Draco: Representing, Applying & Learning Visualization Design Guidelines

From academic courses to online articles, discussions of visualization often abound with design guidelines: Don’t use pie charts! Don’t use rainbow color maps! Ensure axes include zero! When applied in a proper context, such guidelines help prevent misleading visualizations. However, such guidelines are not always well-known, and are themselves subject to debate among practitioners, in part because the “proper context” may not be obvious.

As a result, design guidelines can be challenging to apply, relying on people’s judgment and expertise. What guidelines does my design adhere to? Are there exceptions to the “rules”? For example, we are often told a chart’s axes should include zero, but what if we are using log scales, or using color encodings — are we breaking the rule if not using zero? An additional difficulty is that current guidelines are a bit like folklore: though often grounded in perceptual studies, guidelines are passed down in classes and writings largely as “folk wisdom” rather than concrete, contestable propositions. Furthermore, guidelines may be unfairly written off as “thou shalt not…” proscriptions of purists, rather than serving as resources that directly assist design.

The Draco project aims to make design guidelines concrete, actionable, and testable.
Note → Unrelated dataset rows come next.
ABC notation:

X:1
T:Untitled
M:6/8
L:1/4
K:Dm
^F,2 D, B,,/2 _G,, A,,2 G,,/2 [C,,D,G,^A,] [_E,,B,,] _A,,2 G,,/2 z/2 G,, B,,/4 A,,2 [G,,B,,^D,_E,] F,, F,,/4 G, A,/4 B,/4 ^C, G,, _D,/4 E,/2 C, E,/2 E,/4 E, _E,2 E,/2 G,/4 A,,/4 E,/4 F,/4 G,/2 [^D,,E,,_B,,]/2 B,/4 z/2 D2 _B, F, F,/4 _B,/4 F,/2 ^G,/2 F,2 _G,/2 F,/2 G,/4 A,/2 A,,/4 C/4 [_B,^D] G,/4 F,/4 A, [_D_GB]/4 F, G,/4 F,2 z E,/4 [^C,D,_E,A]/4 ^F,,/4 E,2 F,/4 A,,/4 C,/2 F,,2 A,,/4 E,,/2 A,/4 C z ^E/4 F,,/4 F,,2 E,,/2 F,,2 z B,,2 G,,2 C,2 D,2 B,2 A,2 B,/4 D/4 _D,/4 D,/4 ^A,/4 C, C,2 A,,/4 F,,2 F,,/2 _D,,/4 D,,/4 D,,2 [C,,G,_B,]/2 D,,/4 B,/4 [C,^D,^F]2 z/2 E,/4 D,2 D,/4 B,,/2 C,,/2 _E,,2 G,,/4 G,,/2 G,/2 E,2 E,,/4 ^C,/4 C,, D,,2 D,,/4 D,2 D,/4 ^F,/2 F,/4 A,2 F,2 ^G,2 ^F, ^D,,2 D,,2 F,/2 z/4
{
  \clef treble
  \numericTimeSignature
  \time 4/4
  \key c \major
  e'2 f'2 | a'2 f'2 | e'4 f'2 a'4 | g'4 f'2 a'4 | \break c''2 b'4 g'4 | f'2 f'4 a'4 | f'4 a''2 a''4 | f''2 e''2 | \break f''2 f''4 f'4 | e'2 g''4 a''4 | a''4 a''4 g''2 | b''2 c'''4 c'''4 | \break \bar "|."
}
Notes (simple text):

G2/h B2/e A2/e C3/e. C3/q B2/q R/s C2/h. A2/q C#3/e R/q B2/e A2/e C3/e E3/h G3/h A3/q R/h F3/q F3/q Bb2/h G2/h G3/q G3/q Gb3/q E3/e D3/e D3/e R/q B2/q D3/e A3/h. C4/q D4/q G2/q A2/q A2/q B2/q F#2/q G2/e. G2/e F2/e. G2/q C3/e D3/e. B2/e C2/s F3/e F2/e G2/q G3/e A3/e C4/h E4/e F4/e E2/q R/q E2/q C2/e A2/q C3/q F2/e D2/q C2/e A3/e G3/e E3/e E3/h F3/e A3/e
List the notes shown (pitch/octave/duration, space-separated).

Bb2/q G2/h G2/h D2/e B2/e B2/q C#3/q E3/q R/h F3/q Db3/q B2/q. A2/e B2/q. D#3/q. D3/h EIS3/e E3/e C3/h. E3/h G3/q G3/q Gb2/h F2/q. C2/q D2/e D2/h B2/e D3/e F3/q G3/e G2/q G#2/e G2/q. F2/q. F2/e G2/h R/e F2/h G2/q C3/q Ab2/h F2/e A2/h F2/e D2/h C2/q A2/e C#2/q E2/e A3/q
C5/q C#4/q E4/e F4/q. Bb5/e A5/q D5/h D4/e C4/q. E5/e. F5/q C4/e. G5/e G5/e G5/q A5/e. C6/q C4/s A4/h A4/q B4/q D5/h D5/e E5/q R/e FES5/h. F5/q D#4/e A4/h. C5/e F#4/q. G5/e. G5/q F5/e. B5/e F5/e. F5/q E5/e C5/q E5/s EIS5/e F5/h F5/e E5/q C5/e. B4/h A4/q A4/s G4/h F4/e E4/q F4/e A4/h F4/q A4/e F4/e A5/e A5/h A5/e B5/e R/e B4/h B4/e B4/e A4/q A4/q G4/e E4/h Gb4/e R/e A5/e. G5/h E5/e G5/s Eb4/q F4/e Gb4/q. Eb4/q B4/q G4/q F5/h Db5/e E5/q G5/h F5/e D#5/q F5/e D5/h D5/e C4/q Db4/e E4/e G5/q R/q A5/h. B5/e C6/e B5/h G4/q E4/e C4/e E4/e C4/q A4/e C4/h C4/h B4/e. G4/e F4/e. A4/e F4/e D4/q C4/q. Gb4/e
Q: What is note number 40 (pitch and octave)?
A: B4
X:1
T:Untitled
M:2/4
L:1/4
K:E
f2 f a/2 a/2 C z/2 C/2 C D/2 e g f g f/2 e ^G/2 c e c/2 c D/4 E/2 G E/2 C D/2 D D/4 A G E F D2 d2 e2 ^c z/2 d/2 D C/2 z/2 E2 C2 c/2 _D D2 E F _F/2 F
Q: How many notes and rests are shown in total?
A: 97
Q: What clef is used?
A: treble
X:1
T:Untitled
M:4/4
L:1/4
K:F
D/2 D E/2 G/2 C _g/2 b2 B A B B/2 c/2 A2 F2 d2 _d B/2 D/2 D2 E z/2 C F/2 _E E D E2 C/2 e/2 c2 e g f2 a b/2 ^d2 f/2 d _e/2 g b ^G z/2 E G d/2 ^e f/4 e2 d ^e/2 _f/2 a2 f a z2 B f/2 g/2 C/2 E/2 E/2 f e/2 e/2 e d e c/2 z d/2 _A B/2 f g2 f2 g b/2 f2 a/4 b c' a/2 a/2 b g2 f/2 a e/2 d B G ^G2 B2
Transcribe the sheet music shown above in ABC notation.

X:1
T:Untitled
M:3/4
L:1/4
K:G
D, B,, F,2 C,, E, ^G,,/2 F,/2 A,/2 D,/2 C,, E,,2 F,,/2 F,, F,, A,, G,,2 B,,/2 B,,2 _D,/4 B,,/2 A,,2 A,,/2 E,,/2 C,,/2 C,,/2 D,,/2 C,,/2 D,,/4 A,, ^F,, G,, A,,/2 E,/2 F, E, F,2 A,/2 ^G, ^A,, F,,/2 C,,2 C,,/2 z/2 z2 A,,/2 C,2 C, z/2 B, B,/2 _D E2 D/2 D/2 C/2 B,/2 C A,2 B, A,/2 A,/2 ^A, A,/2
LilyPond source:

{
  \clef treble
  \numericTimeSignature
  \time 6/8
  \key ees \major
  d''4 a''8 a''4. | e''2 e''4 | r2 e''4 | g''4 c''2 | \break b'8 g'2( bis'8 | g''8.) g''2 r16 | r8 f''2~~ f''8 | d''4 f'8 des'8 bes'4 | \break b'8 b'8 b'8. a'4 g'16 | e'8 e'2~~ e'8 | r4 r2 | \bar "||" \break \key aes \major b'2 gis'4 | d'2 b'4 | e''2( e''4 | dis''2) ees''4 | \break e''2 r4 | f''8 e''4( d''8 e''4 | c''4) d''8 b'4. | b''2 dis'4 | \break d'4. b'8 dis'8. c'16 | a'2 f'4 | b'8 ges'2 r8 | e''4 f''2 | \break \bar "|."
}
By encoding guidelines as logical rules, we can build computational knowledge bases for automatically assessing existing charts and generating new recommended charts. Draco can warn you if your chart violates design rules and provide design suggestions, even for ambiguous requests such as “visualize the horsepower of these cars using a bar chart.” By formalizing design guidelines as constraints, visualization researchers and practitioners can add their own design considerations and directly test the results, seeing how different rules and weightings change which visualizations are considered the most preferable.

In this article, we explain how to encode design guidelines in Draco, how Draco can be adapted quickly to incorporate new rules, and how we use machine learning to learn preference weights among guidelines. More details are available in our InfoVis 2018 research paper about Draco.

How Draco Knows How to Create Visualizations

The first ingredient of Draco is a formal language to describe visualizations. Here we use Vega-Lite, a high-level language for describing a variety of statistical graphics. With Vega-Lite, one can concisely describe a visualization as a set of encodings that map from data fields to the properties of graphical marks (such as x, y, size, or color properties). Vega-Lite includes data transformations such as filtering, sorting, binning, and aggregation along with visual operations including stacked layouts and faceting data into small multiples. By combining these basic building blocks, Vega-Lite users can construct an expressive range of graphics.

Figure 1: An example of a bar chart, its Vega-Lite specification (in Vega-Lite JSON), and its equivalent specification using Draco constraints (in ASP). The specification defines the marktype and encodings, which includes a specification of the fields, data type, and data transformations.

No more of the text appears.